Run the script from the command line:

# ./comicScrape.php

When you launch the script, it will:

- Pick up and parse your config file
- Check your command line arguments
- Get the list of comics from the command line or your pull list
- For each title in that list:
	- Find the folder named for them in your "comicsDirectory". Create the series directory if it doesn't exist.
	- Look through that folder for the latest issue it contains. (By highest issue number.)
	- Search GetComics for the title, and get the first "maxPageDepth" pages
	- Search through those downloaded pages for links to issues with higer issue numbers than your latest one
	- Attempt to download those, and store them in the series folder
	- Parse the filename out of the response headers. If this fails, hit Comicvine for a reasonable guess at a filename.

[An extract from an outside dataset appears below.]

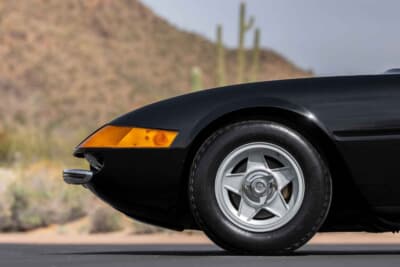 49万8400ドル（邦貨換算約7270万円）で落札されたフェラーリ「365 GTB/4 デイトナ」（C）Bonhams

It will report on its progress in a cheerful manner, and at the end will dump the list of files it has just added to your directories.


Two command-line switches enable extra super powers, and can be used in combination:

* -t or --title allows you to override the pull list file with one or more titles submitted on the command line:
	# ./comicScrape.php -t "Walking Dead" -t "Saga"

* -s or --silent suppresses all command line output


TODOS

 * More robust special character handling. I haven't explored what happens if a series title has an illegal character in it (e.g. "Hack/Slash"). It appears that GetComics is solving that for themselves by replacing the / with a -, but nonetheless, this is a place the script is going to be brittle.

 * Add an optional delay factor to our hits to GetComics. Anti-hammering at least, perhaps with a humanizing jitter in the delay.


DISCLAIMERS

This script screen-scrapes a web resource which is somewhat uncool. Any gratitude you have toward me for this script, please express it with a contribution to GetComics.info to help keep their service up, okay?

Go here and give generously: https://getcomics.info/support/

Screen scraping is inherently brittle. While GetComics hasn't changed their page layout in quite some time, there's no reason to think they couldn't do so tomorrow and totally break this script.